Safe communities and a duty to stamp out racism

Scaremongering and xenophobia are the easiest things to foment and lest we forget the difficult lessons learnt from the Lassana Cisse murder, things can get very ugly

People were understandably shocked when a fight between two Nigerian men ended up with one of them strewn across the road in a pool of blood outside the Qawra parish church on Sunday.

Mere minutes after the incident, a photo of the bloodied man was posted on social media and it spread like wildfire.

Any photo of a victim covered in blood is bound to cause shock but it seems this case elicited particular attention because both men are black.

The genuine concerns of those who feel certain neighbourhoods have become lawless were drowned out by a cacophony of xenophobic and racist voices calling for a crackdown on foreigners.

For starters, this is not the first incident of its kind in a public street or a residential neighbourhood – we’ve had stabbings, targeted killings using machine guns and serious altercations happening in the past and in most cases, they involved Maltese nationals.

The mere fact that the two men involved in the Qawra incident were Nigerian does not make such incidents more appalling than others.

Such crimes cause unease in the communities where they happen, irrespective of who the people involved are. And the authorities have a duty to step in and provide reassurance.

But solutions to address unruliness, anti-social behaviour and criminality are not found by introducing xenophobia and racism into the equation.

The scaremongering, fatalism and scattergun approach adopted towards foreigners whenever such cases erupt are just populist ways of showing outrage that do little to provide solutions that are legal, doable and grounded in reality.

Like any other case, the police investigated the two men and pressed charges accordingly. But the courts must also send a strong message against such barbaric behaviour and if the men are not deserving of international protection they should have been issued with a deportation order.

However, beyond the immediate action on this case there exists the need for a more holistic approach to address racial tensions within our communities.

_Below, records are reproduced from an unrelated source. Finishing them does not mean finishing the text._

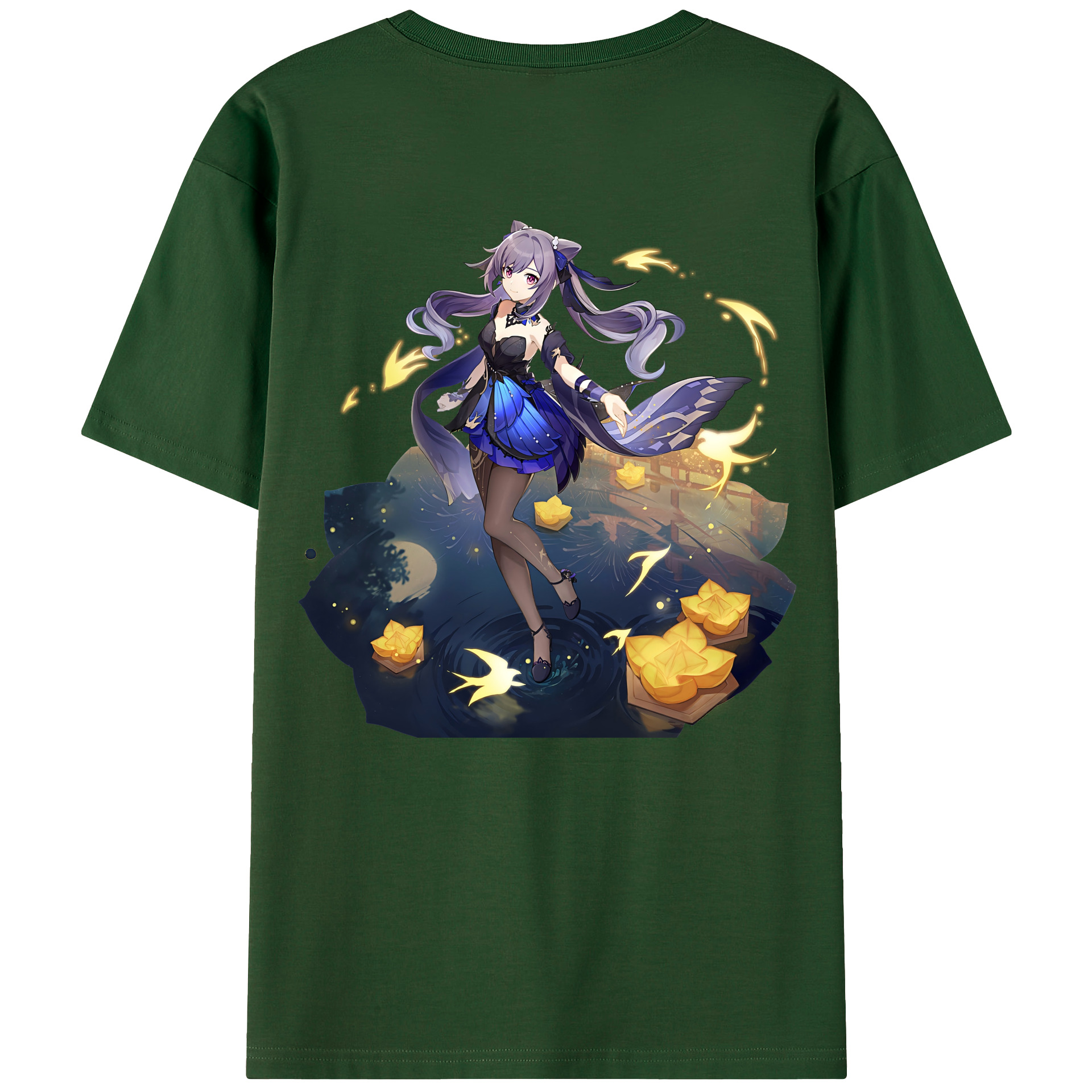 げんし神 刻晴 こくせい genshin Kokusei 綿100％半袖Tシャツ（背面プリント）
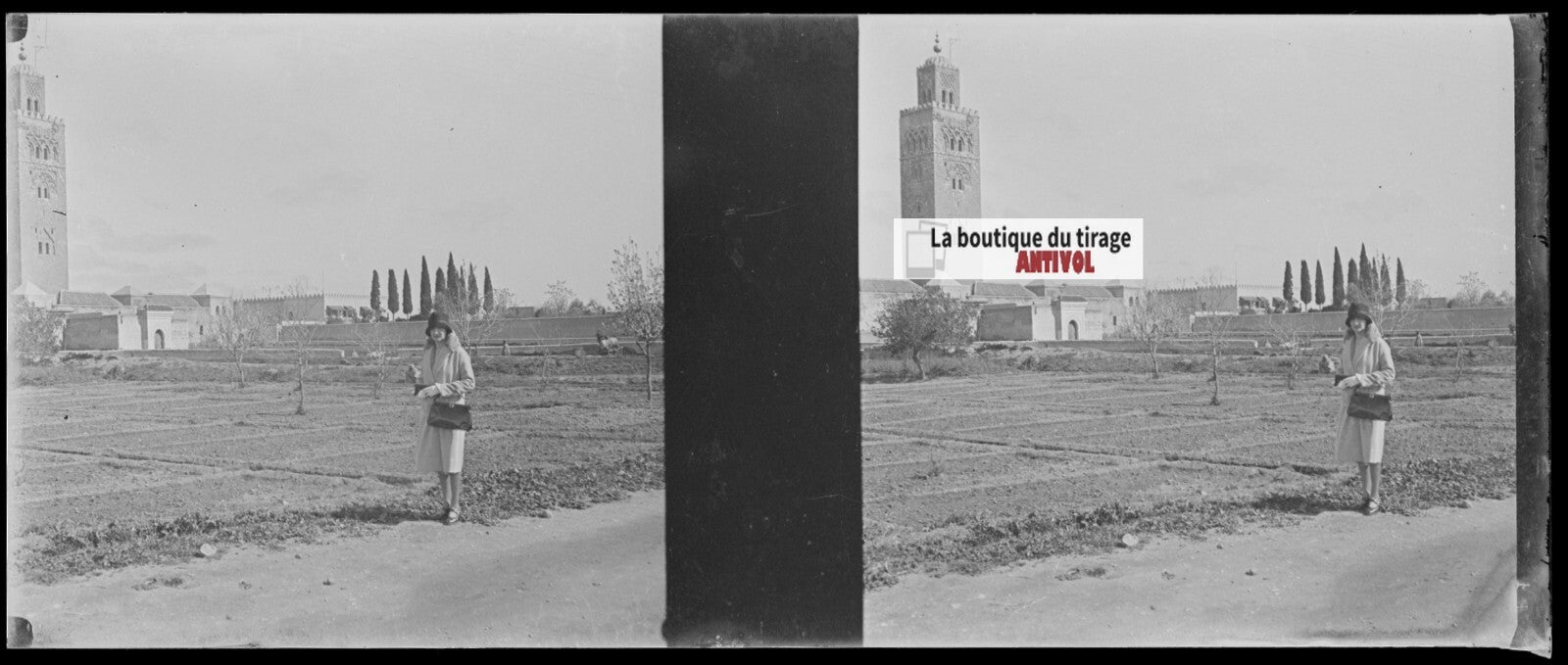 Koutoubia Marrakech Maroc, Plaque verre stéréo, négatif noir & blanc 4,5x10,7 cm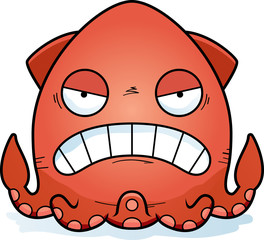 Angry Cartoon Squid
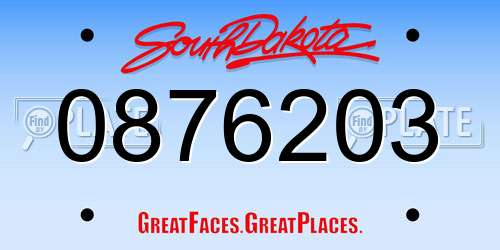 0876203 South Dakota License Plate
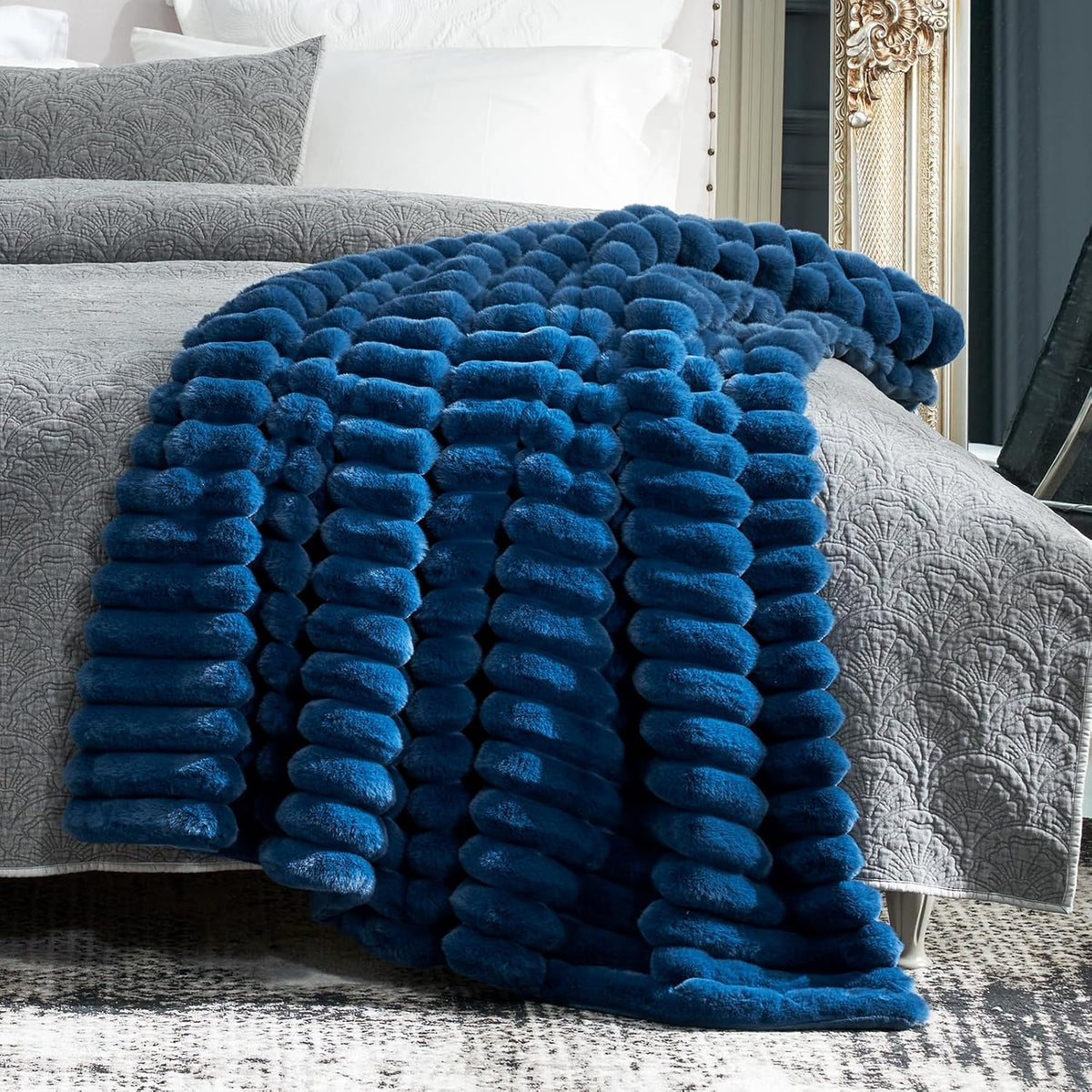 Cozy Bliss Faux Fur Throw Blanket for Couch, Cozy Warm Plush Striped Blanket for Sofa Bedroom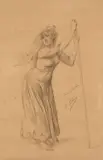 La danse du bâton by Jean-Léon Gérôme, Crayon noir,, sold Nov 2018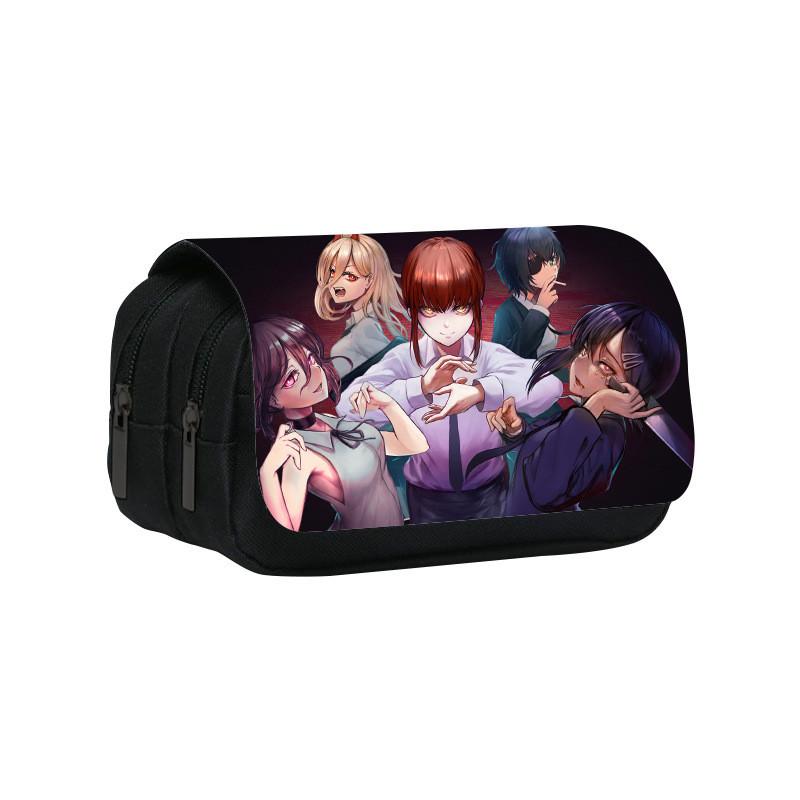Denji Chainsaw Man Pencil Case Large Capacity Nylon Material Travel School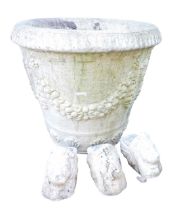 A composition plant pot, of cylindrical tapering form decorated with masks, swags, etc., 52cm high,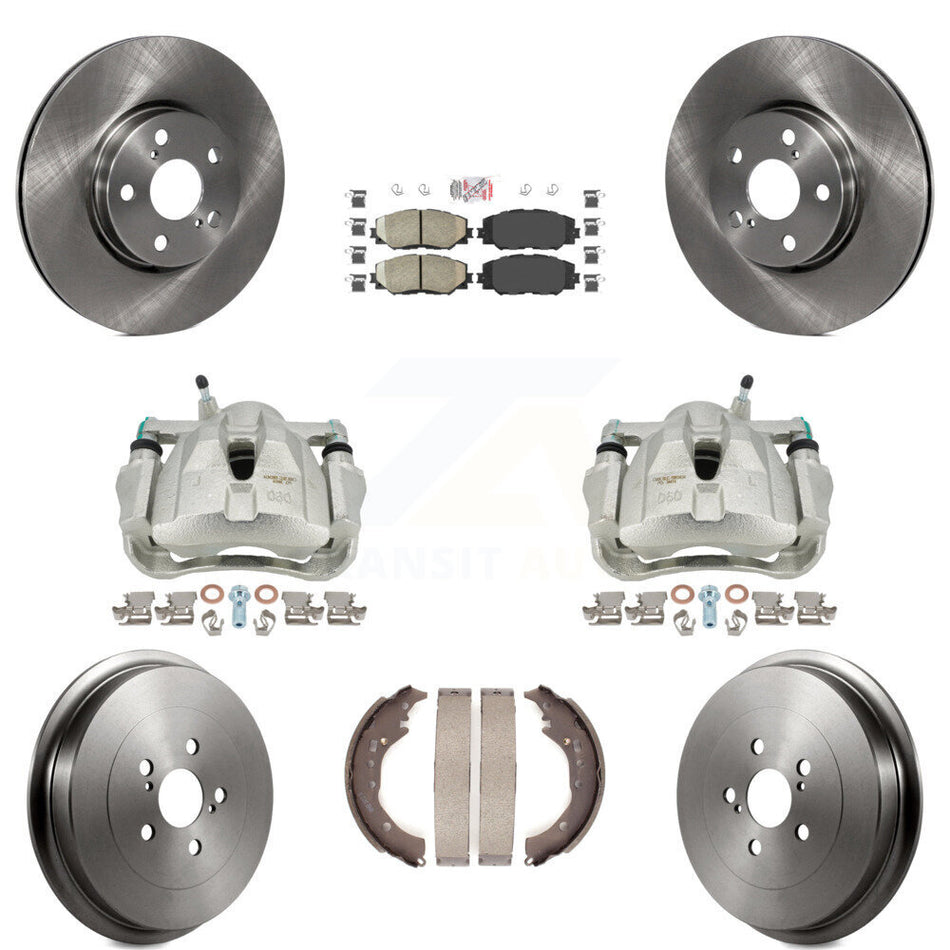 Front Rear Disc Brake Caliper Rotors Drums Ceramic Pads Kit (8Pc) For Toyota Corolla KC8-101455N by Transit Auto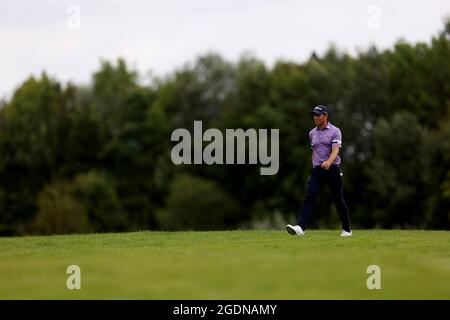 Wales' Rhys Enoch am 5. Am dritten Tag des Cazoo Classic im London Golf Club in Ash, Kent. Bilddatum: Samstag, 14. August 2021. Stockfoto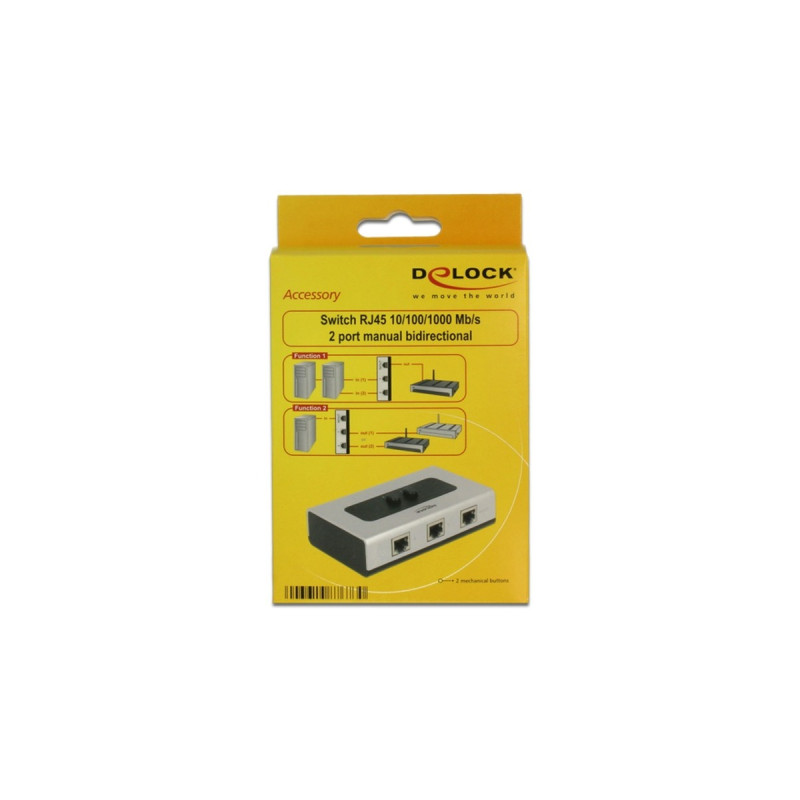 DeLOCK RJ-45 Umschalter, Switch(grau/schwarz, 2-Port, manuell, bidirektional)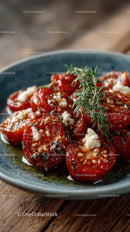 Fresh Cherry Tomato Salad with Herbs on Rustic Bowl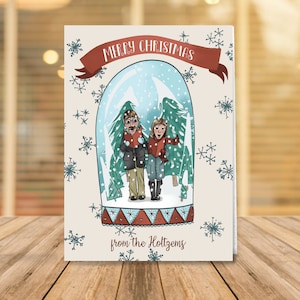 Cartão de árvore de Natal com retrato • Cartão de Natal personalizado • Família ilustrada personalizada • Ilustração de árvore de Natal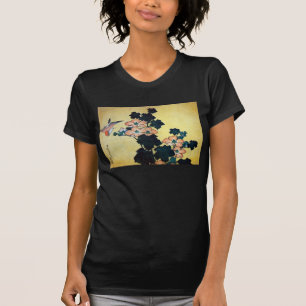 Camiseta 芙 蓉 雀, 北 斎 Hibiscus Mutabilis e Sparrow, Hokusai
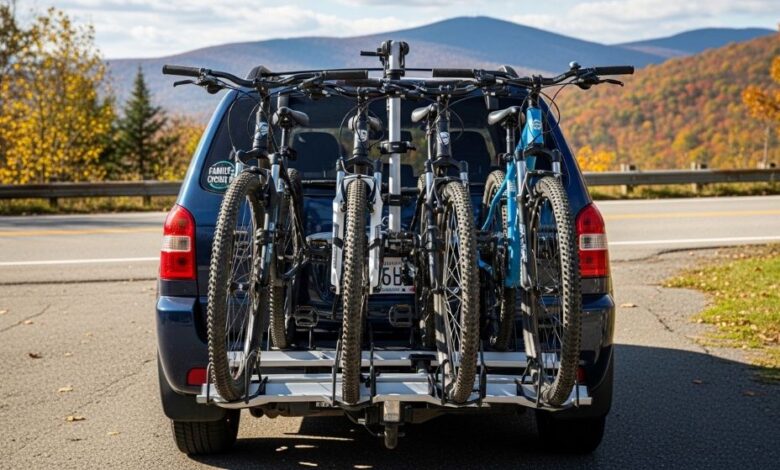 Four bikes loaded on platform-style hitch rack attached to SUV rear receiver for family cycling trip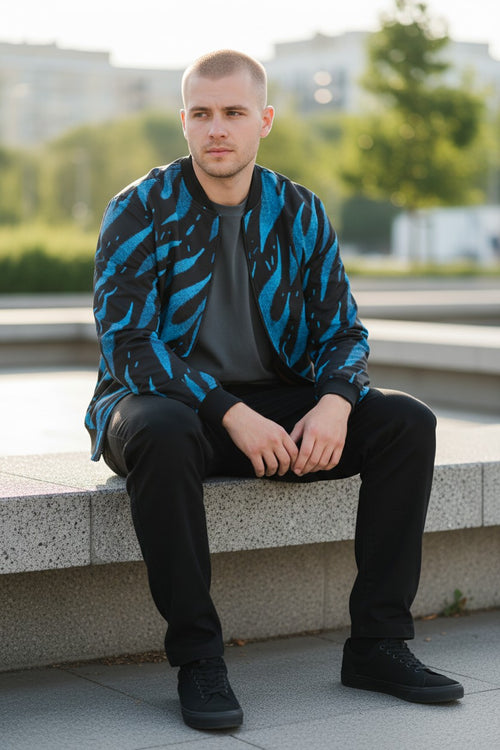 "Flames n Blue" Unisex Bomber Jacket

Simple measures like sending all foreigners back are downright dumb and impractical. Malta would literally grind to a halt as we’d end up with an even bigger shortage of nurses, carers, bus drivers, shop attendants, garbage collectors, waiters, hotel staff and builders.

Whether we like it or not, the 100,000 or so foreigners working and living in Malta have become an essential part of this country’s economic make-up.

But the authorities can and must tighten the screws on the type of foreign labour being brought over to Malta. The ability to communicate well in English and a clean conduct should be two basic requirements that must be adhered to scrupulously. And foreign workers engaged in skilled jobs must prove their suitability for those jobs.

However, the authorities must also look into the conditions of employment of foreigners brought over by temping agencies to ensure these individuals are not being exploited.

People who are treated badly are less motivated to try and integrate in the community they are living in and a characteristic of this is the rapid turnover – statistics show that most foreigners come to live and work here for a year or two and then leave. This creates instability because people who consider themselves as transient workers have little incentive to get to know the community they live in.

At another level, foreigners coming from countries outside the EU must understand this country’s social norms and know what is legal and what is not. This is especially so when dealing with people from countries where women’s rights and the rights of LGBTIQ+ persons are non-existent or diminished.

Cultural differences can create social tension, which is why local councils must be equipped with cultural mediators who can step in when foreigners engage in behaviours incongruent with what Maltese society finds acceptable.

On a more macro level, the country has to transition to a different economic model that reduces the dependence on cheap foreign labour. But even in making this argument it would be simplistic to believe that Malta can simply shut its doors to foreign workers.

Malta is no different from most other developed countries where social mobility has resulted in people shunning entry-level jobs. It is a phenomenon witnessed in many western countries, which necessitates the importation of labour to fill vacancies in sectors where the native population is no longer interested in working.

With the European Parliament election less than a year away, it is very easy for politicians to fall into populist mode by fuelling unrealistic expectations and providing no or impractical solutions.

Scaremongering and xenophobia are the easiest things to foment and lest we forget the difficult lessons learnt from the Lassana Cisse murder, things can get very ugly.

People have a right to live serenely within their communities and the authorities must ensure law enforcement is maintained at all times. But politicians and community leaders also have a duty to ensure xenophobia and racism do not rear their ugly heads.